I am most passionate about the type of story-telling involving those critical moments in life, our rights-of-passage: The bris and baby naming; the Bar and Bat Mitzvah; the wedding and commitment ceremony; and the legacy tributes. My training is evident in the photo-journalistic and documentary approach that you'll see in my work. By now, I have taken my photo and video lenses to about 70 countries. And everywhere, without exception, I have sought out the local Jews. We seem to be everywhere! And where I have found a Jew, I have connected, deeply, with them and their stories. Part of it is because I dive heart-first at life. It also helps that, as a polyglot, I can chat, laugh and get in trouble in 7 languages. And although the Jews I've met around the world have talked to me in foreign languages, we have always bonded around the basic reality that we hail from the same stock.
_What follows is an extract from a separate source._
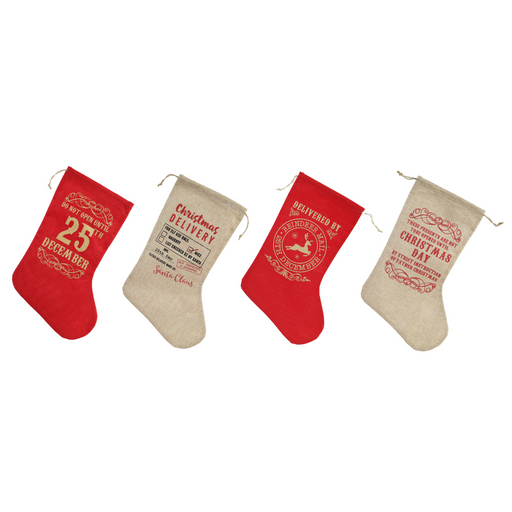 Ronis Stocking Vintage Printed 40cm Assorted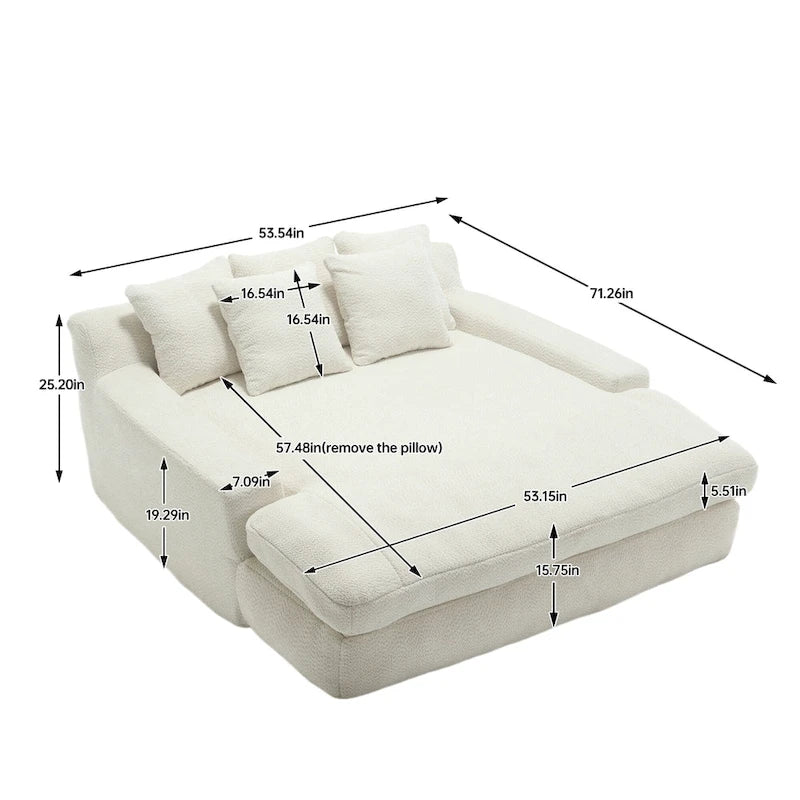 Canapé relax 2 places en chenille avec 5 coussins de dossier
That's the power of the Jewish experience and It has been the grounding wire to my energetic love of Judaism.
So why do I curate visual legacies? Suffice it to say that it comes from being a multicultural specimen with an eclectic background to boot... think of me as your run-of-the-mill Colombian-born Jew raised in Iowa City who came of age in Manhattan and now resides in the Rockies. We all have a unique story --and I see it as a privilege when I am entrusted with helping people curate theirs, one visual at a time.